▸ **TASK BRIEF**: Produce an exact copy of the lines below, starting at the first and ending with the line containing "東莞同濟(jì)醫(yī)院".

(Records drawn from a dataset)
::::::::::
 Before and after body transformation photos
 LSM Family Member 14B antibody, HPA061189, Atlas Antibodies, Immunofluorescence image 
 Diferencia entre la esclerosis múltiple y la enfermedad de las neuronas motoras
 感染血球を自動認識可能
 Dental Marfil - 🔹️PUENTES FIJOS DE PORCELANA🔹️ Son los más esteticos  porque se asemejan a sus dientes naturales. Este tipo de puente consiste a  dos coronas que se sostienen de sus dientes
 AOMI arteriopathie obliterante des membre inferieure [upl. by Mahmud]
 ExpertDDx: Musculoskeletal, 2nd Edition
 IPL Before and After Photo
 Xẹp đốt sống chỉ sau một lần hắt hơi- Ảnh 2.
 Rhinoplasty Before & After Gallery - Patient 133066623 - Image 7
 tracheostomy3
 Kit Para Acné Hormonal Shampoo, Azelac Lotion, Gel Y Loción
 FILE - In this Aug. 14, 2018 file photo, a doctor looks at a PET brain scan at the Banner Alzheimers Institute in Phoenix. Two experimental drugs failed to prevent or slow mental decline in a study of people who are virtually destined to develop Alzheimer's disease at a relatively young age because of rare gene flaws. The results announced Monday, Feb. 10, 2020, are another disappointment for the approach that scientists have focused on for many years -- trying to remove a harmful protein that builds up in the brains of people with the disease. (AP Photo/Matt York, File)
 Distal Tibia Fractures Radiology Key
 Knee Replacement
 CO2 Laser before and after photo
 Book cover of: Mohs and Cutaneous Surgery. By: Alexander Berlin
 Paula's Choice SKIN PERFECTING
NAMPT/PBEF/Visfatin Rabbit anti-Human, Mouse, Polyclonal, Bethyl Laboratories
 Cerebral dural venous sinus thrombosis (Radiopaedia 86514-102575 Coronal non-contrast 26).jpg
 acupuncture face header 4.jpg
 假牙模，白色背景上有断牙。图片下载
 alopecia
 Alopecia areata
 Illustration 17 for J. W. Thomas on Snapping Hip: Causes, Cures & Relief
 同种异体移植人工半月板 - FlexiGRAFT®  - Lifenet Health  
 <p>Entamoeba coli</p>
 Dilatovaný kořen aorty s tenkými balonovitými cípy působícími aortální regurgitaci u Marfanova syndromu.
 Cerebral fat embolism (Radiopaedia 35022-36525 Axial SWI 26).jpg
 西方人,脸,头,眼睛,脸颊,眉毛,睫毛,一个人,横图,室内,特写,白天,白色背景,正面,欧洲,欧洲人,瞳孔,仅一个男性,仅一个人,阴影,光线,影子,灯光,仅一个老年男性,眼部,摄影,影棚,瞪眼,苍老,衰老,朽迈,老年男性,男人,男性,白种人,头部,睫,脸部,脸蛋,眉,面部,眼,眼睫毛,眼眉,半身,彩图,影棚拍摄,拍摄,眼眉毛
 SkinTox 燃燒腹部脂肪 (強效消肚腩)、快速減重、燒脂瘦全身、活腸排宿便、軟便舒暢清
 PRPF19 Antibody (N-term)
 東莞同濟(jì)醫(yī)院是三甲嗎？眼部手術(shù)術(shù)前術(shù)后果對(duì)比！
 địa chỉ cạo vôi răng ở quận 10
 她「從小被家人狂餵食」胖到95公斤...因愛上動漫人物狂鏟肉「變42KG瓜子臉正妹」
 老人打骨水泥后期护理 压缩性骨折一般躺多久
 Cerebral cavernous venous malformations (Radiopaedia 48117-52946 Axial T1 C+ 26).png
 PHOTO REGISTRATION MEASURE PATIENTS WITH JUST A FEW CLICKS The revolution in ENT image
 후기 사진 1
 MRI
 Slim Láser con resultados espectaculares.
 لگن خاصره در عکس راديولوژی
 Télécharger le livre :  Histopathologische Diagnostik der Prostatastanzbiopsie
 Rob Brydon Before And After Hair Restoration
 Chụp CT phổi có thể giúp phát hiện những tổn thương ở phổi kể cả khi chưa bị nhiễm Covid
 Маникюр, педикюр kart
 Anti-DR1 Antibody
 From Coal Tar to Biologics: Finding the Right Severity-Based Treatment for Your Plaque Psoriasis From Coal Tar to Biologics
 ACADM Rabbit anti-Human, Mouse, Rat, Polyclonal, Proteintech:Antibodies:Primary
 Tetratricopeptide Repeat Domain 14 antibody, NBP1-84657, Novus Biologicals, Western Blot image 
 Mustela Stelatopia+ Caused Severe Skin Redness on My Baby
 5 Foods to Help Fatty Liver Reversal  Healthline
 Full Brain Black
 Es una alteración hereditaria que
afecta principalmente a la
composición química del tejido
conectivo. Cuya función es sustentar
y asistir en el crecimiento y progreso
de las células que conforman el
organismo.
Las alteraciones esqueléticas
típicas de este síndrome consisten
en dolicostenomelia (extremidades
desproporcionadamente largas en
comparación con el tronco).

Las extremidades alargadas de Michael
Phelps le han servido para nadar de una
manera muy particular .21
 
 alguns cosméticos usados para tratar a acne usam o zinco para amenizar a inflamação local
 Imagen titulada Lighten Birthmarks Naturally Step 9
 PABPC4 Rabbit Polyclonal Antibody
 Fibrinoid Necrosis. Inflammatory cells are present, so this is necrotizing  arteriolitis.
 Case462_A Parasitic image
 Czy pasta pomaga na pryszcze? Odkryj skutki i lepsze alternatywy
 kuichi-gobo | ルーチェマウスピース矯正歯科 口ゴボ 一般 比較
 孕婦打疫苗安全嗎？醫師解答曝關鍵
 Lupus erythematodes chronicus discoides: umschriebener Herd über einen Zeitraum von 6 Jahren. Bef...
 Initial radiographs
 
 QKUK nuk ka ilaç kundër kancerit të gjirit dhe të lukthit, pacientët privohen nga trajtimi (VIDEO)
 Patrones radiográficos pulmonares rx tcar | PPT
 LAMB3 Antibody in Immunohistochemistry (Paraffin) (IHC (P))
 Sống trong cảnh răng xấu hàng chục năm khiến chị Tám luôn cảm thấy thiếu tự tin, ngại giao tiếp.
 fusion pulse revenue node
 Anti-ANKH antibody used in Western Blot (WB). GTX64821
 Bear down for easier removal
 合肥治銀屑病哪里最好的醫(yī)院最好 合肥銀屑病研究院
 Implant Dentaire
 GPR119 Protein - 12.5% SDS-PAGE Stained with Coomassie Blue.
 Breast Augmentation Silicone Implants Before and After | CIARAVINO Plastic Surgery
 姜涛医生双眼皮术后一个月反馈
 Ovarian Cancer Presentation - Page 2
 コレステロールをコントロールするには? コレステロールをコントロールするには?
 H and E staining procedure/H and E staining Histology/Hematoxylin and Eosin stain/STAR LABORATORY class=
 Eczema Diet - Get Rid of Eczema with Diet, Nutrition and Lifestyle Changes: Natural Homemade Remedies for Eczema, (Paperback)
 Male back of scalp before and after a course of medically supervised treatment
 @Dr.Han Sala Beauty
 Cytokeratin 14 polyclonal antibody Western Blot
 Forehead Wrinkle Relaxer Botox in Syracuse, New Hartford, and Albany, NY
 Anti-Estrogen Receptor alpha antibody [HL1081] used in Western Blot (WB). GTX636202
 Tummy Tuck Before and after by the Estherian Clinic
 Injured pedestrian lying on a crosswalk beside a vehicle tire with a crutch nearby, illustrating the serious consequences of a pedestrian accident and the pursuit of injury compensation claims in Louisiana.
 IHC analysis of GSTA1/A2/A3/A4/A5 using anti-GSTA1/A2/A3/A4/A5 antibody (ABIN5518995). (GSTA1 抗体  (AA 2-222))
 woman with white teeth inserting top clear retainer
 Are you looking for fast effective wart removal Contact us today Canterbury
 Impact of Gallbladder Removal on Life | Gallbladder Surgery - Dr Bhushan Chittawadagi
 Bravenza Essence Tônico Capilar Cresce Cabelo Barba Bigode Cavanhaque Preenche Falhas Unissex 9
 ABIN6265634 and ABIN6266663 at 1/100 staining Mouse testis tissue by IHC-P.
::::::::::
▸ **RESULT OF THIS TASK**:
 Before and after body transformation photos
 LSM Family Member 14B antibody, HPA061189, Atlas Antibodies, Immunofluorescence image 
 Diferencia entre la esclerosis múltiple y la enfermedad de las neuronas motoras
 感染血球を自動認識可能
 Dental Marfil - 🔹️PUENTES FIJOS DE PORCELANA🔹️ Son los más esteticos  porque se asemejan a sus dientes naturales. Este tipo de puente consiste a  dos coronas que se sostienen de sus dientes
 AOMI arteriopathie obliterante des membre inferieure [upl. by Mahmud]
 ExpertDDx: Musculoskeletal, 2nd Edition
 IPL Before and After Photo
 Xẹp đốt sống chỉ sau một lần hắt hơi- Ảnh 2.
 Rhinoplasty Before & After Gallery - Patient 133066623 - Image 7
 tracheostomy3
 Kit Para Acné Hormonal Shampoo, Azelac Lotion, Gel Y Loción
 FILE - In this Aug. 14, 2018 file photo, a doctor looks at a PET brain scan at the Banner Alzheimers Institute in Phoenix. Two experimental drugs failed to prevent or slow mental decline in a study of people who are virtually destined to develop Alzheimer's disease at a relatively young age because of rare gene flaws. The results announced Monday, Feb. 10, 2020, are another disappointment for the approach that scientists have focused on for many years -- trying to remove a harmful protein that builds up in the brains of people with the disease. (AP Photo/Matt York, File)
 Distal Tibia Fractures Radiology Key
 Knee Replacement
 CO2 Laser before and after photo
 Book cover of: Mohs and Cutaneous Surgery. By: Alexander Berlin
 Paula's Choice SKIN PERFECTING
NAMPT/PBEF/Visfatin Rabbit anti-Human, Mouse, Polyclonal, Bethyl Laboratories
 Cerebral dural venous sinus thrombosis (Radiopaedia 86514-102575 Coronal non-contrast 26).jpg
 acupuncture face header 4.jpg
 假牙模，白色背景上有断牙。图片下载
 alopecia
 Alopecia areata
 Illustration 17 for J. W. Thomas on Snapping Hip: Causes, Cures & Relief
 同种异体移植人工半月板 - FlexiGRAFT®  - Lifenet Health  
 <p>Entamoeba coli</p>
 Dilatovaný kořen aorty s tenkými balonovitými cípy působícími aortální regurgitaci u Marfanova syndromu.
 Cerebral fat embolism (Radiopaedia 35022-36525 Axial SWI 26).jpg
 西方人,脸,头,眼睛,脸颊,眉毛,睫毛,一个人,横图,室内,特写,白天,白色背景,正面,欧洲,欧洲人,瞳孔,仅一个男性,仅一个人,阴影,光线,影子,灯光,仅一个老年男性,眼部,摄影,影棚,瞪眼,苍老,衰老,朽迈,老年男性,男人,男性,白种人,头部,睫,脸部,脸蛋,眉,面部,眼,眼睫毛,眼眉,半身,彩图,影棚拍摄,拍摄,眼眉毛
 SkinTox 燃燒腹部脂肪 (強效消肚腩)、快速減重、燒脂瘦全身、活腸排宿便、軟便舒暢清
 PRPF19 Antibody (N-term)
 東莞同濟(jì)醫(yī)院是三甲嗎？眼部手術(shù)術(shù)前術(shù)后果對(duì)比！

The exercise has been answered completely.